100: A week after launching the presidential reelection campaign in Chicago, the Obama administration kicked off what could be called outreach week at the White House and across the country. With a stop in Obama’s home town on Monday, Michael Blake, the director of African American outreach for the White House, will begin to crisscross the country to host 100 events to reach 1 million blacks in 2011. And interim DNC chairman Donna Brazile hosted a conference call with black media outlets about the GOP’s budget approach, echoing Obama’s comments during a town hall in Virginia, a state Obama wants to keep in his column. Add to the outreach efforts among African Americans the symbolic olive branch extended to Latinos with an immigration meeting at the White House and trips to Nevada and California, states with large Latino populations. The most buzzed-about effort was to the young and highly connected with the Facebook town hall. In 2008, Obama did well with young people, besting McCain by 34 points among 18- to 29-year-olds, so-called millenials. And an April poll shows that his approval rating among this demographic is up, showing that even pushing 50, and with graying hair, Obama still has some cache. Among African Americans, support is still robust at 85 percent, though slightly down. The media will likely to be asking: In a sluggish economy, without President George W. Bush as a foil, can he recapture the enthusiasm of 2008?

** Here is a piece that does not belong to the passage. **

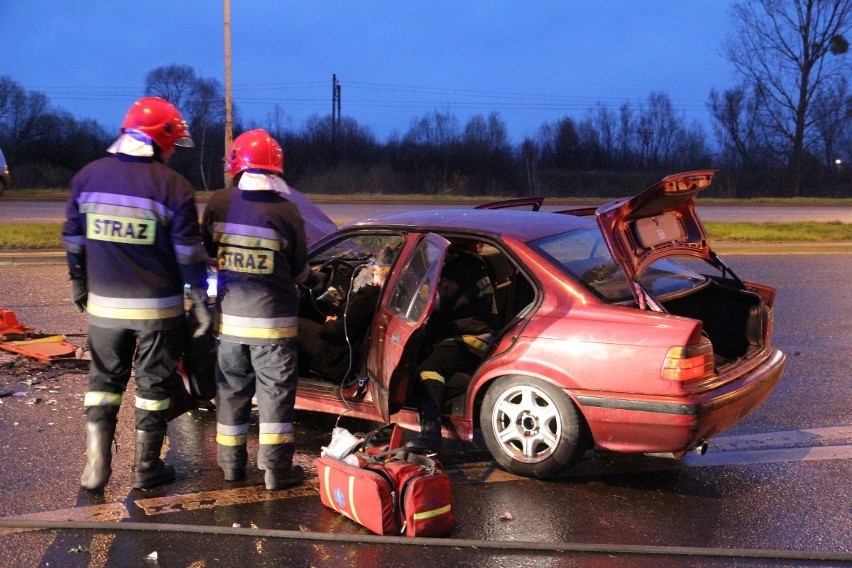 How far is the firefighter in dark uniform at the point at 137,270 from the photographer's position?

10: Palin relaunched her Web site this week, with all the e-mail and donor-gathering bells and whistles of a potential presidential candidate’s site, renewing speculation that she might make a run for the White House. For months, the conventional wisdom has been that she wasn’t going to run. Her missteps in the aftermath of the Arizona shootings and her lack of outreach to key figures such as Gov. Nikki Haley in South Carolina suggested that she might sit this one out. But Palin, always unconventional and full of surprises, is stirring up buzz again. But a new poll suggests that Palin still has the same problem she’s always had — although she gets plenty of ink and airtime, and has 2.9 million Facebook fans, likely Republican voters aren’t sold on her. She trails potential rivals former Arkansas governor Mike Huckabee, Trump and Romney in a new poll, getting 10 percent of the vote among Republicans. It could be that Trump — who has reached out to critics and key players like Haley this week, and has a trip to first-primary state New Hampshire planned next week — is crowding Palin’s space and capitalizing on what had been her time on the sidelines. But in early primary states such as Iowa and South Carolina, both with a large contingent of religious conservatives among the GOP base, Palin has the edge. (Already she has something of a stealth ground game in Iowa). And by flirting with running, rather than launching the sort of in-your-face media campaign that Trump is waging, Palin could in the coming weeks benefit from Trump-fatigue, and find an opening.